Disney Parks are closed. Broadcast and TV advertising is down. Movie releases and Broadway shows have no theaters to play in. Cruise ships are docked. Live sports have been canceled, decreasing ESPN viewership. Disney retail stores are closed, and film production has halted.
Many companies are weathering the economic effects of the coronavirus pandemic because they’ve diversified their revenue. But for Disney, almost every point of diversification has been felled by the coronavirus pandemic.
“The pandemic has hit us hard,” Disney Chairman Bob Iger told investors on the company’s Q2 earnings call Tuesday. But Disney is “exceptionally resilient,” which will get it through the tough times ahead.
Disney’s diluted earnings per share declined 93% to $0.26, down from $3.53 in the prior-year quarter, one of its main metrics of success. Although revenue increased 21% to $18 billion, operating income declined 37% to $2.4 billion and cash flow declined 30% to $1.9 billion.
Advertising impact
The loss of live sports has negatively affected ESPN’s advertising revenue much more than broadcast, such as ABC and local news.

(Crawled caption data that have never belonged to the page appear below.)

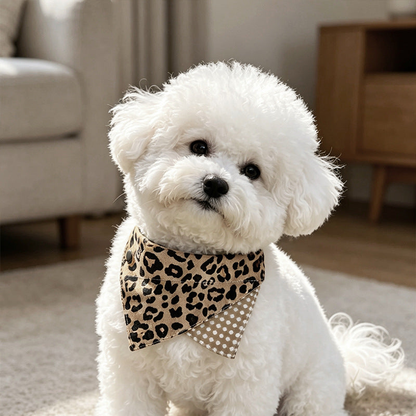Beige leopard-print pet neckwear worn by a white dog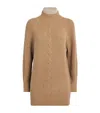 Max Mara Alcazar Cable Knit High Neck Sweater In Multi
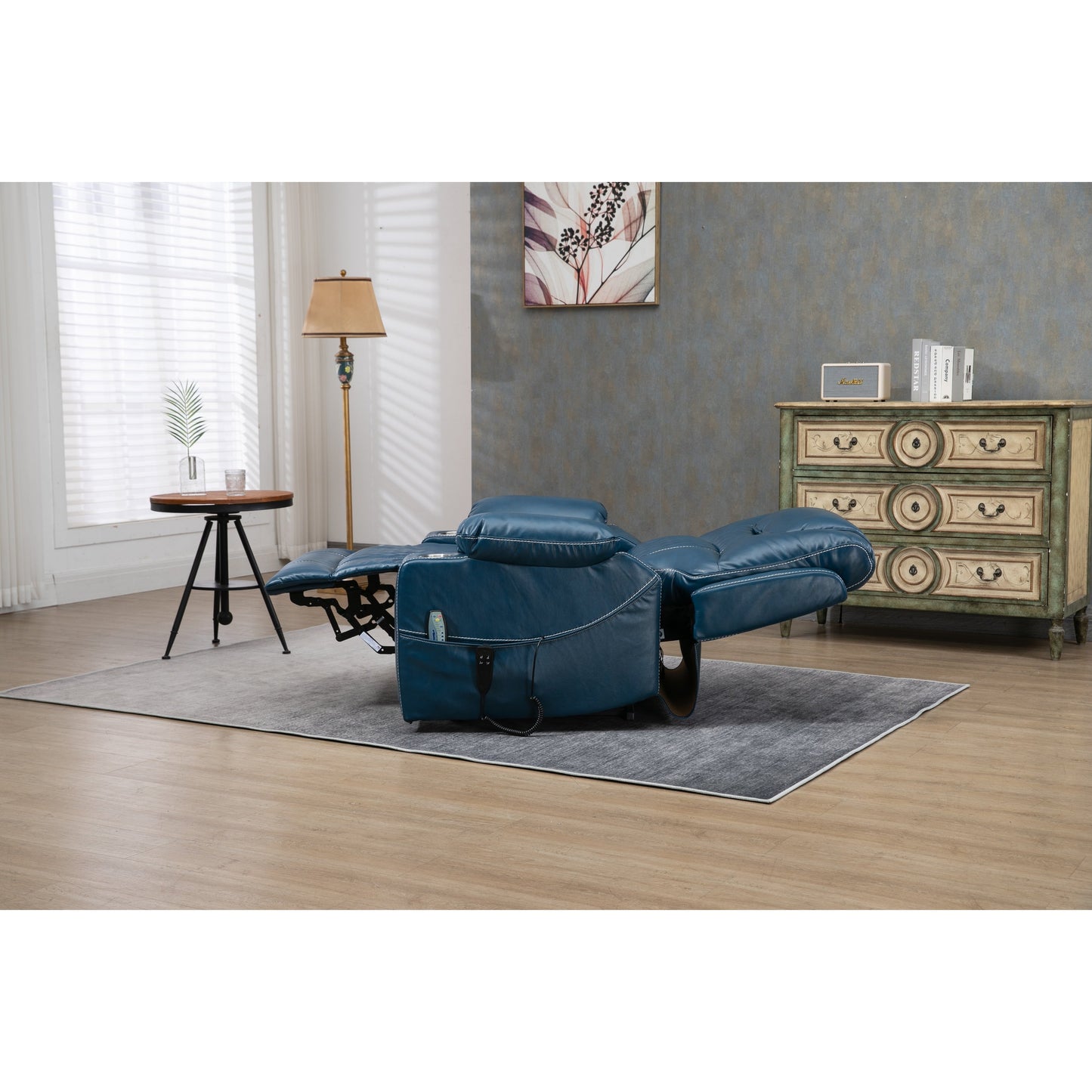 Oversized PU Leather Power Lift Recliner with Massage, Lumbar Heating, Cup Holder, 180Â° Flat Lay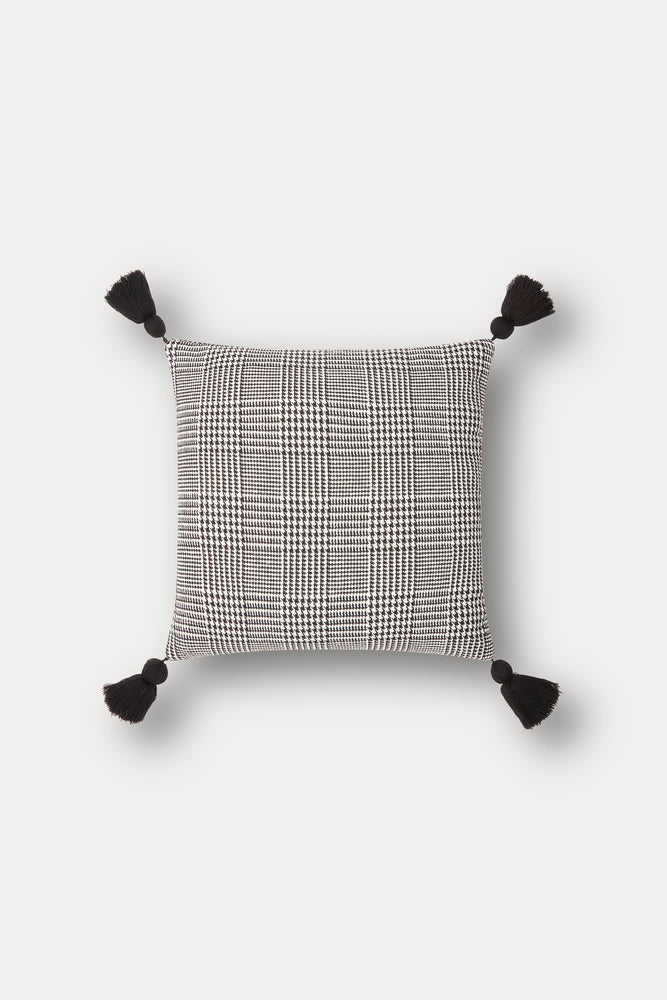 GLEN PLAID TASSEL PILLOW CASE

Disney is seeing declines in advertising in categories including travel and tourism, theatrical releases, domestic auto, retail and restaurants, CFO Christine M. McCarthy said. While advertisers in financial services, DTC, streaming, tech, telecom and CPG “opportunistically” increased spend in April and May, that boost won’t make up for anticipated declines next quarter, she said.
Disney didn’t talk about how its own advertising and marketing investment plans have changed due to the coronavirus pandemic – though its business spans categories seeing increased ad investment (streaming) and decreased investment (travel and theatrical releases).
Streaming upswing
Disney Plus is up to 54.5 million subscribers as of Star Wars Day (May the Fourth). The streaming service’s subscription count was already two years ahead of most analyst predictions when it hit 50 million subscribers in early April. Hulu subscribers rose 27% year over year to 32.1 million.
Like NBCUniversal, Disney is also routing some of its theatrical content into the Disney Plus platform. Disney will release “Artemis Fowl” via Disney Plus on June 12 instead of theatrically. And Pixar’s “Onward,” which released theatrically in early March just before movie theaters closed, appeared on Disney Plus just two weeks after opening in theaters, giving the platform an enviably strong content roster.
But all isn’t bright in streaming. Disney never planned to make money in streaming in its first years, as it invested in original content and global marketing, so the current rise in viewers isn’t helping Disney’s bottom line.
Although revenues increased from $1.1 billion to $4.1 billion during the quarter, the streaming sector’s operating loss increased from $385 million to $812 million.
Disney Parks
Disney’s parks, cruises and hotels all shuttered due to the coronavirus pandemic. Disney Shanghai and Hong Kong closed in January, the Tokyo park in February and Disney World, Disneyland and Disneyland Paris all closed during the last two weeks of March.
The people running those parks have been furloughed. Disney paid employees for 5 weeks before furloughing more than 100,000 employees, mostly in its parks division. And it’s paying their health insurance while they’re out of work.
But Disney Shanghai will be reopening May 11 with crowd density control measures in place, slowly ramping up to the maximum allowable capacity of 30% in the first few weeks of reopening.
And although Disney Cruise Line will probably be the last part of the business to restart, its customers are repeat vacationers and a Disney poll indicated they want to cruise again and trust the business to act responsibly.
“We think people will resume familiar activities,” incoming CEO Bob Chapek told investors. “Things that make them feel happy and connected with family and friends.”